Captioned web image data
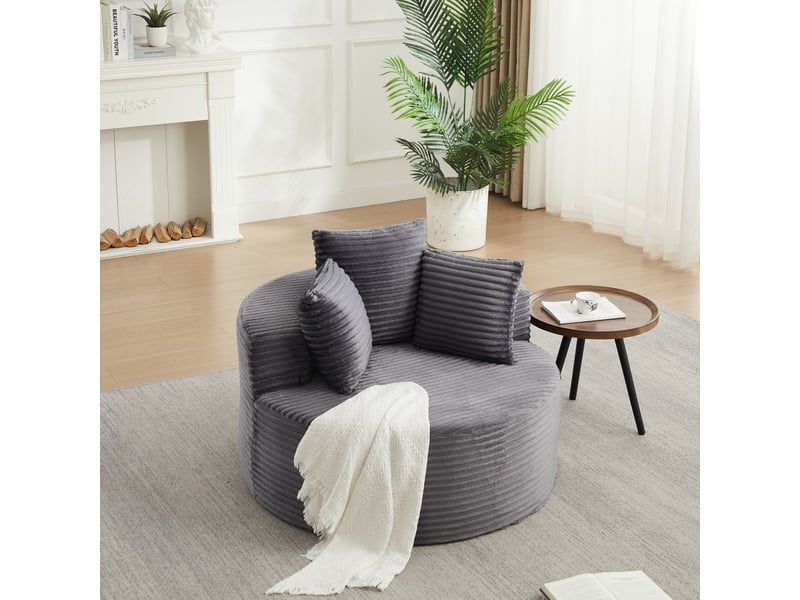  Fauteuil simple rond 110x110x82cm - canapé cabriolet lounge individuel sans montage en velours côtelé 3 coussins - gris  - Conforama B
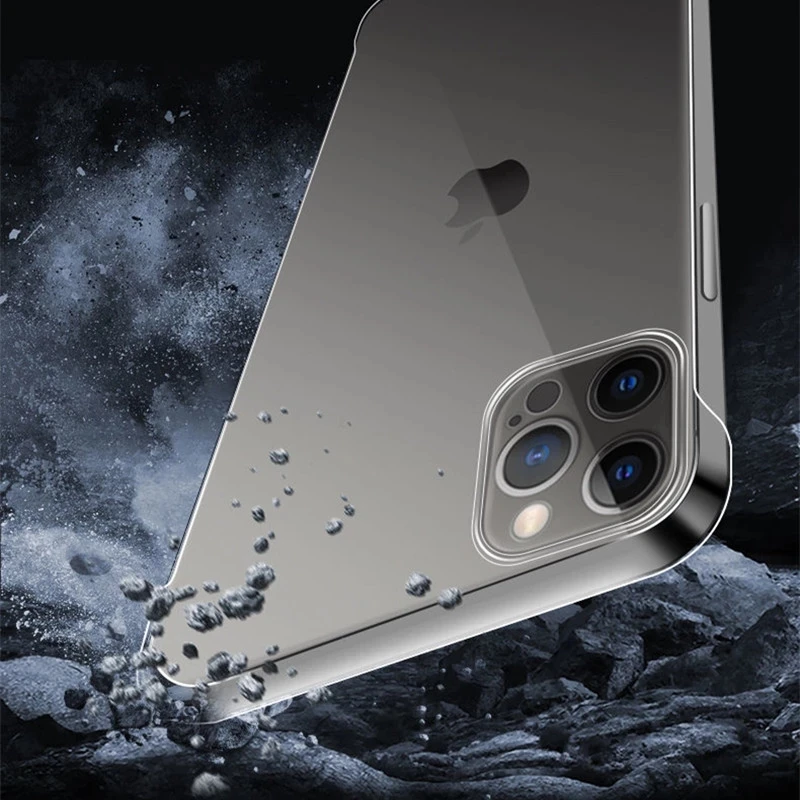 Luxury Frameless Transparent Case For iPhone 15 13 12 11 14 16Pro Max XSMAX X XR XS SE 7 8Plus Ultra Thin Clear Hard Phone Cover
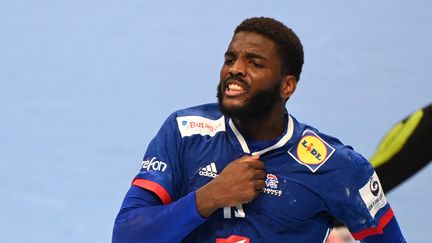 Le Français Dika Mem durant la rencontre de l'Euro de handball face au Danemark, le 26 janvier 2022. (ATTILA KISBENEDEK / AFP)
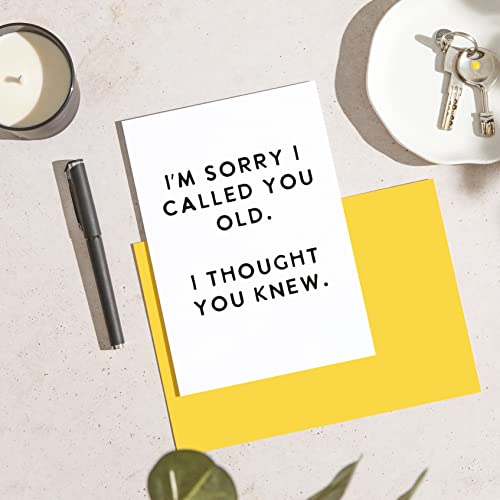 Huxters Funny Birthday Card – I’m Sorry I Called You Old Birthday Greeting Cards – Ultra-Thick Eco-Friendly Paper – Hilarious Birthday Cards for Men and Women – Includes Recyclable Envelope – A5…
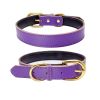 Genuine Leather Dog Collar; Wide Dog Collar; Soft Padded Breathable Adjustable Tactical Waterproof Pet Collar - purple - S 37*1.5cm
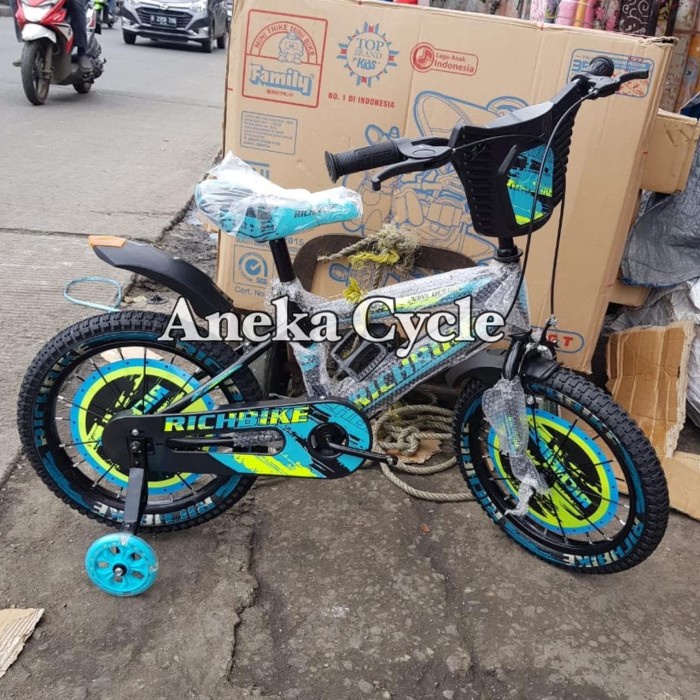 ✨Ori Sepeda Anak Roda Empat Cowok Bmx Rich Bike Richbike 16 Murah Promo Bisa Sameday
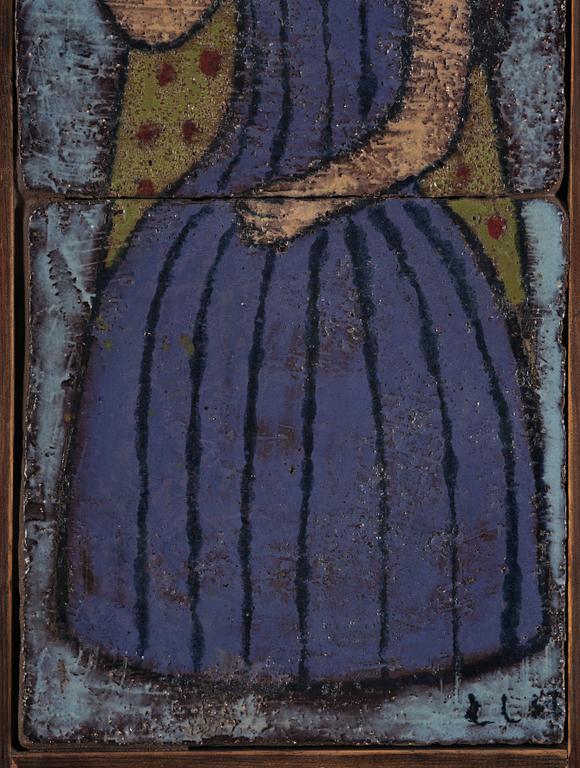 Lisa Larson, triptyk, glaserad keramik, sannolikt utförd 1950-54 under studietiden på Slöjdföreningens skola, Göteborg.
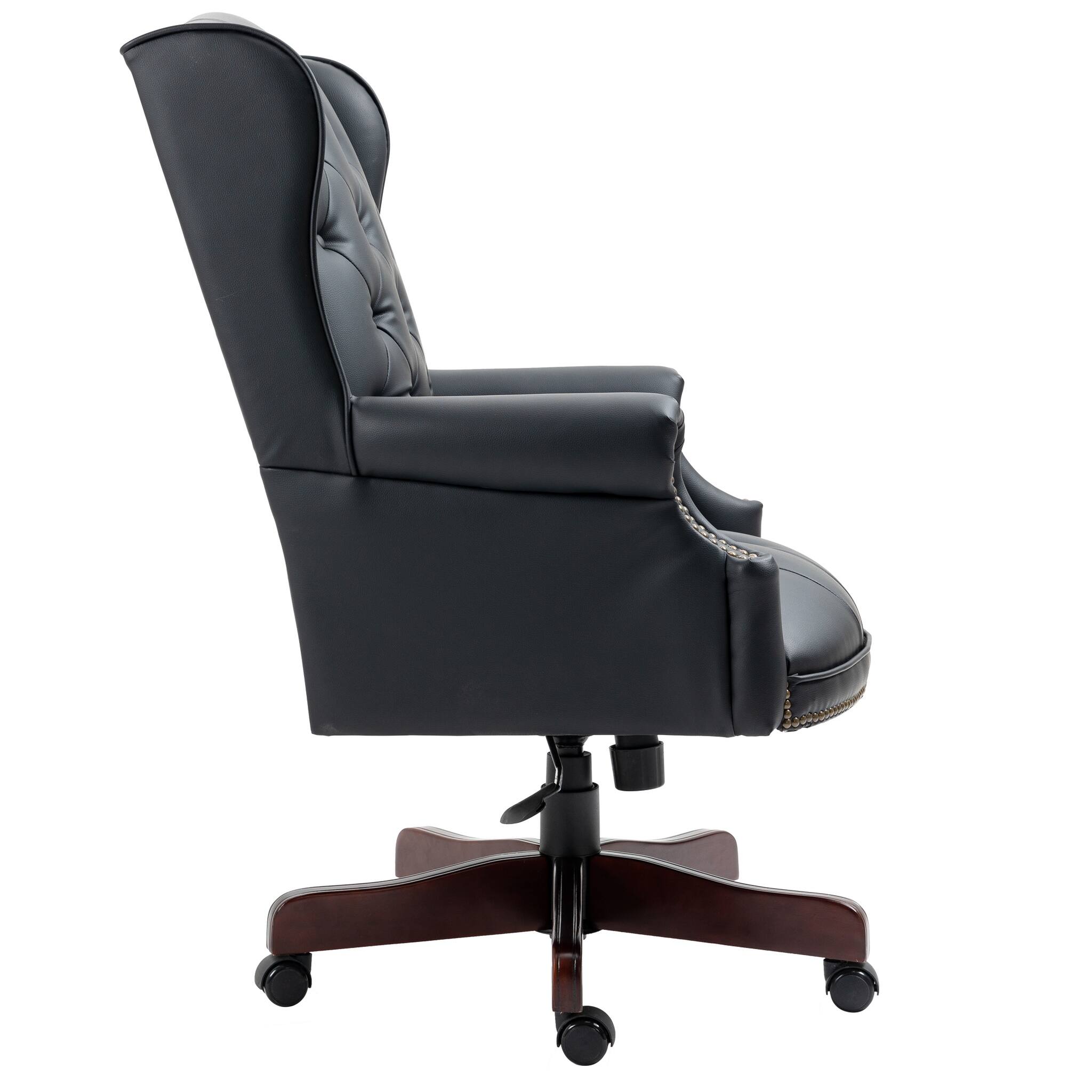 Alt View 6. Forest'nSky - Black Executive Office Chair with Smooth Glide Caster Wheels - Black.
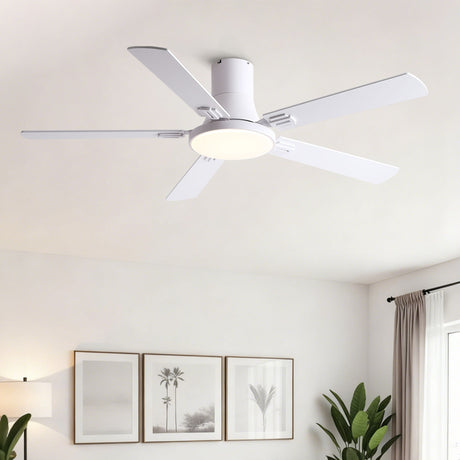 Flush Mount Ceiling Fans With LED Light And Remote Control, 5 Blades HouseOfZazla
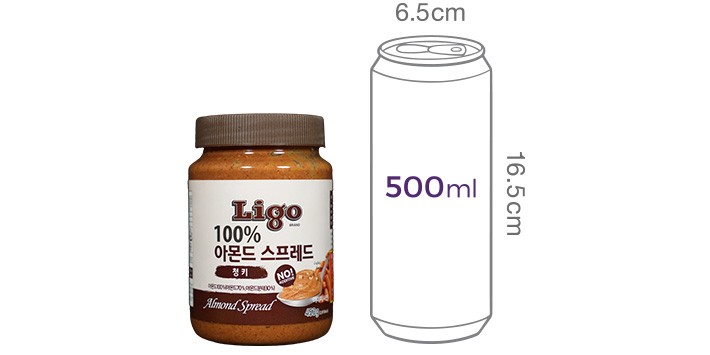 [리고] 100% 아몬드 스프레드 (청키) 453g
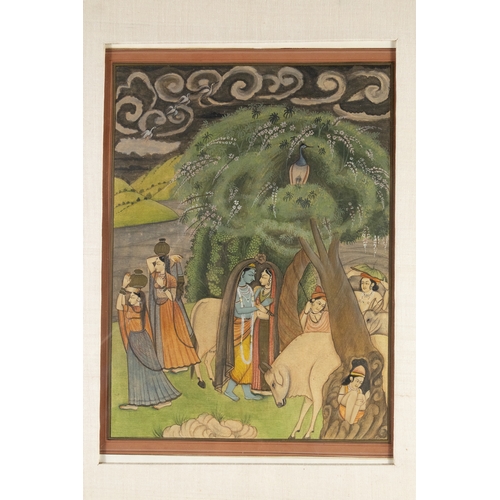 26 - ** NO RESERVE ** 

An Indian Miniature Painting Depicting Lord Krishna with Radha.

Approximately 23... 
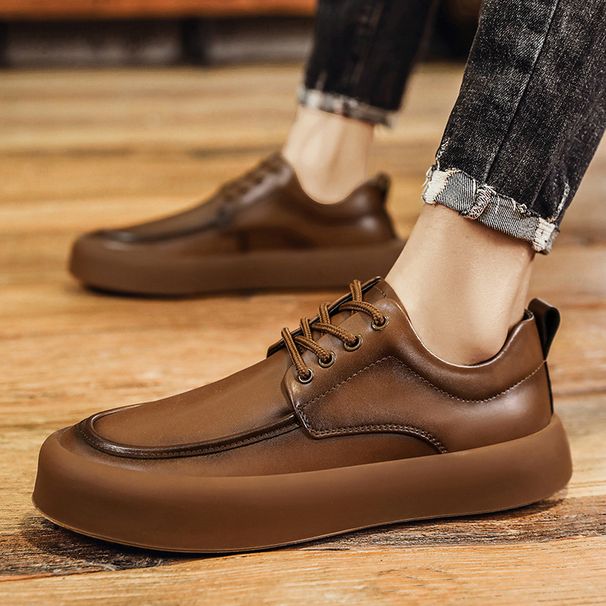 Genuine 2024 spring new high-end brown leather men's business British breathable commuting casual shoes_vogvips.com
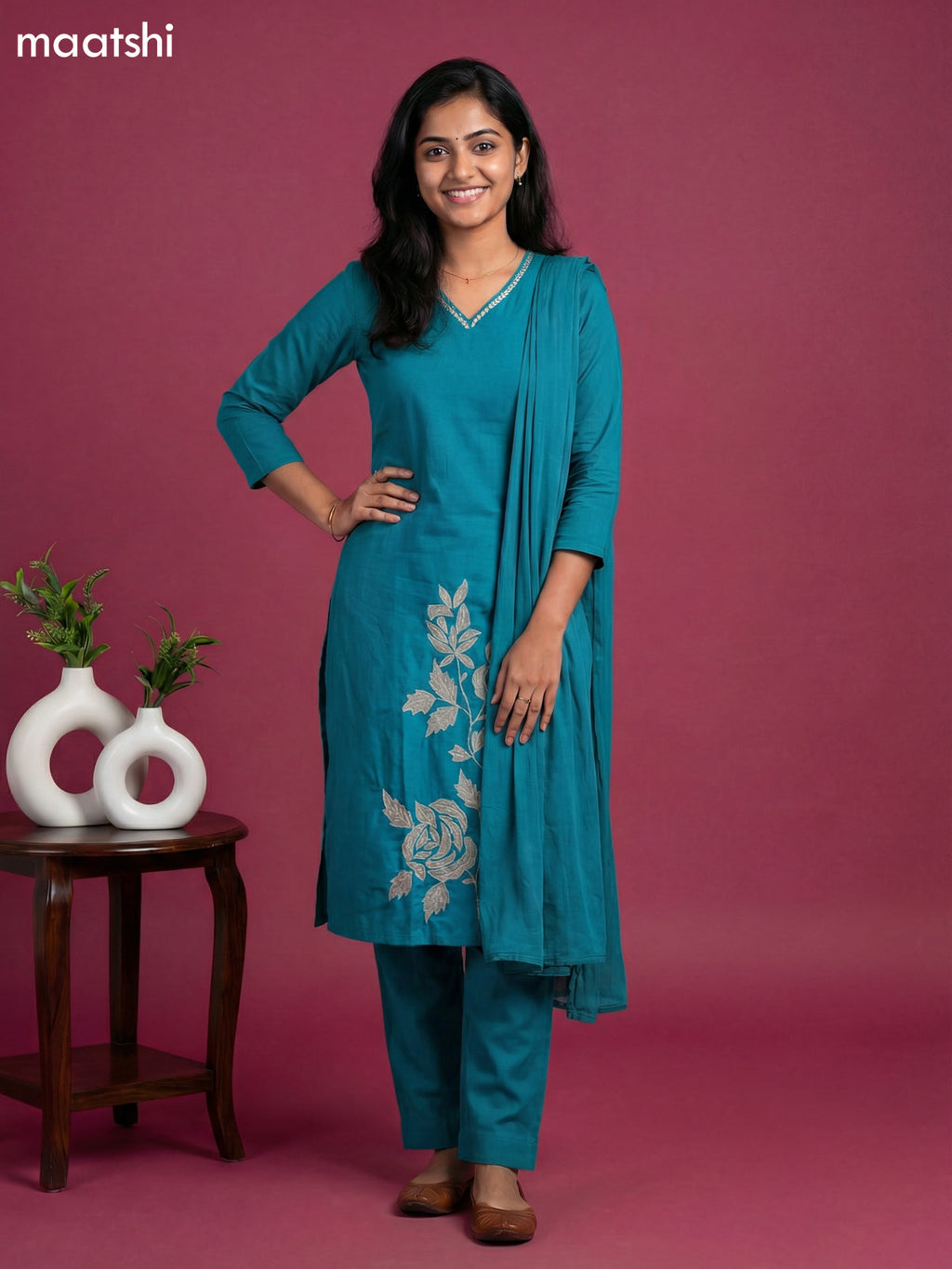 Teal Blue Mul Chanderi Patch Embroidery Work Straight Suit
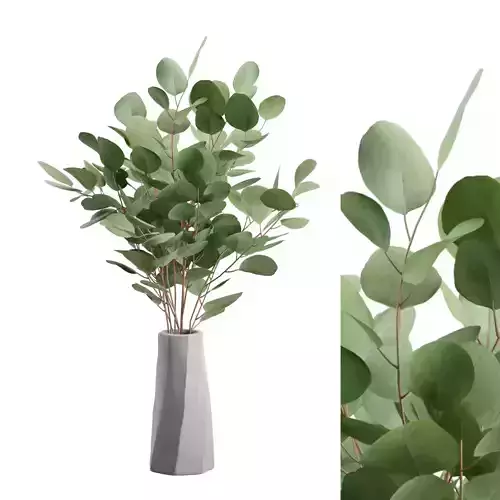 Concrete Vase Eucalyptus Bouquet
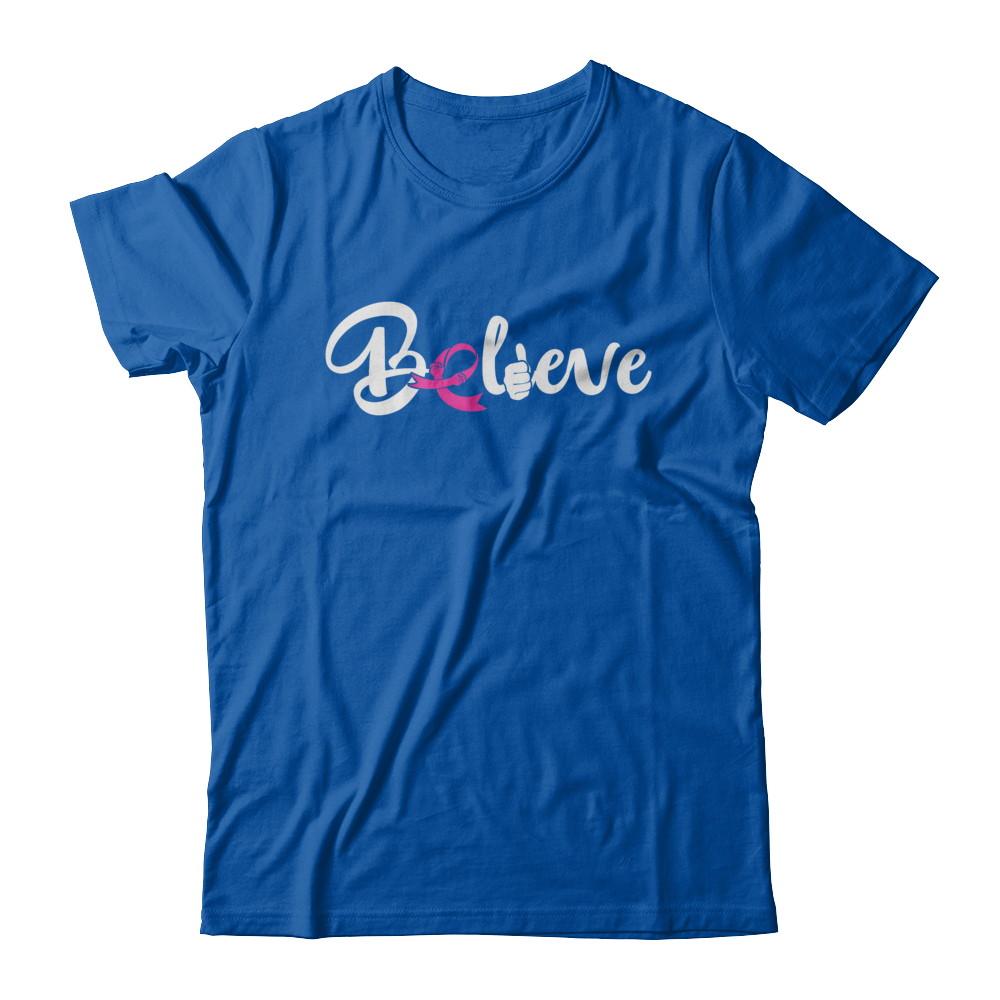 Believe Breast Cancer Awareness Fight-T-Shirt & Sweatshirt-Premium T-Shirt-Royal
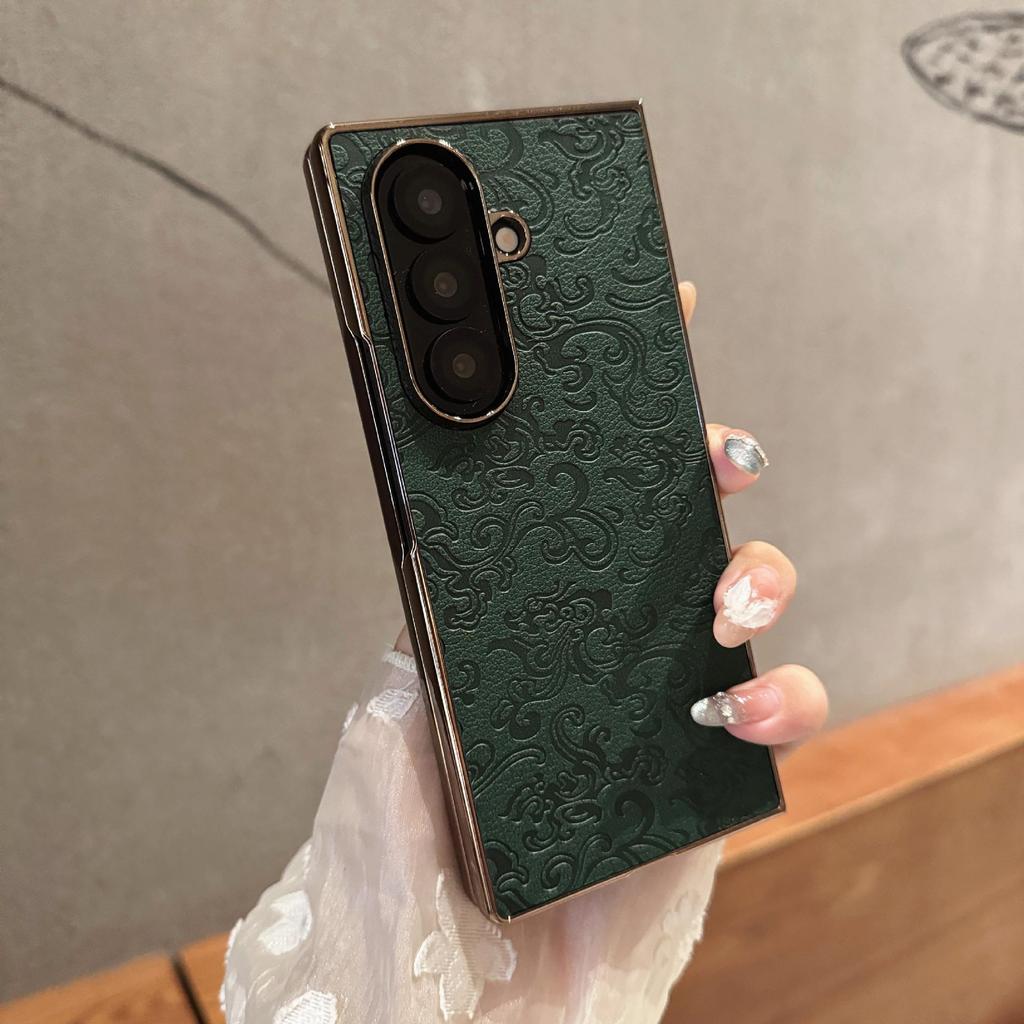 Dragon Pattern Leather Protective Case with Film for Samsung Z-Fold7/Z-Fold6/Z-Fold5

◆ Action item:
Every record gets retyped exactly; no picture goes into the copy.

◆ Task result:
  Fauteuil simple rond 110x110x82cm - canapé cabriolet lounge individuel sans montage en velours côtelé 3 coussins - gris  - Conforama B
 Luxury Frameless Transparent Case For iPhone 15 13 12 11 14 16Pro Max XSMAX X XR XS SE 7 8Plus Ultra Thin Clear Hard Phone Cover
 Le Français Dika Mem durant la rencontre de l'Euro de handball face au Danemark, le 26 janvier 2022. (ATTILA KISBENEDEK / AFP)
 Huxters Funny Birthday Card – I’m Sorry I Called You Old Birthday Greeting Cards – Ultra-Thick Eco-Friendly Paper – Hilarious Birthday Cards for Men and Women – Includes Recyclable Envelope – A5…
 Genuine Leather Dog Collar; Wide Dog Collar; Soft Padded Breathable Adjustable Tactical Waterproof Pet Collar - purple - S 37*1.5cm
 ✨Ori Sepeda Anak Roda Empat Cowok Bmx Rich Bike Richbike 16 Murah Promo Bisa Sameday
 Lisa Larson, triptyk, glaserad keramik, sannolikt utförd 1950-54 under studietiden på Slöjdföreningens skola, Göteborg.
 Alt View 6. Forest'nSky - Black Executive Office Chair with Smooth Glide Caster Wheels - Black.
 Flush Mount Ceiling Fans With LED Light And Remote Control, 5 Blades HouseOfZazla
 [리고] 100% 아몬드 스프레드 (청키) 453g
 26 - ** NO RESERVE ** 

An Indian Miniature Painting Depicting Lord Krishna with Radha.

Approximately 23... 
 Genuine 2024 spring new high-end brown leather men's business British breathable commuting casual shoes_vogvips.com
 Teal Blue Mul Chanderi Patch Embroidery Work Straight Suit
 Concrete Vase Eucalyptus Bouquet
 Believe Breast Cancer Awareness Fight-T-Shirt & Sweatshirt-Premium T-Shirt-Royal
 Dragon Pattern Leather Protective Case with Film for Samsung Z-Fold7/Z-Fold6/Z-Fold5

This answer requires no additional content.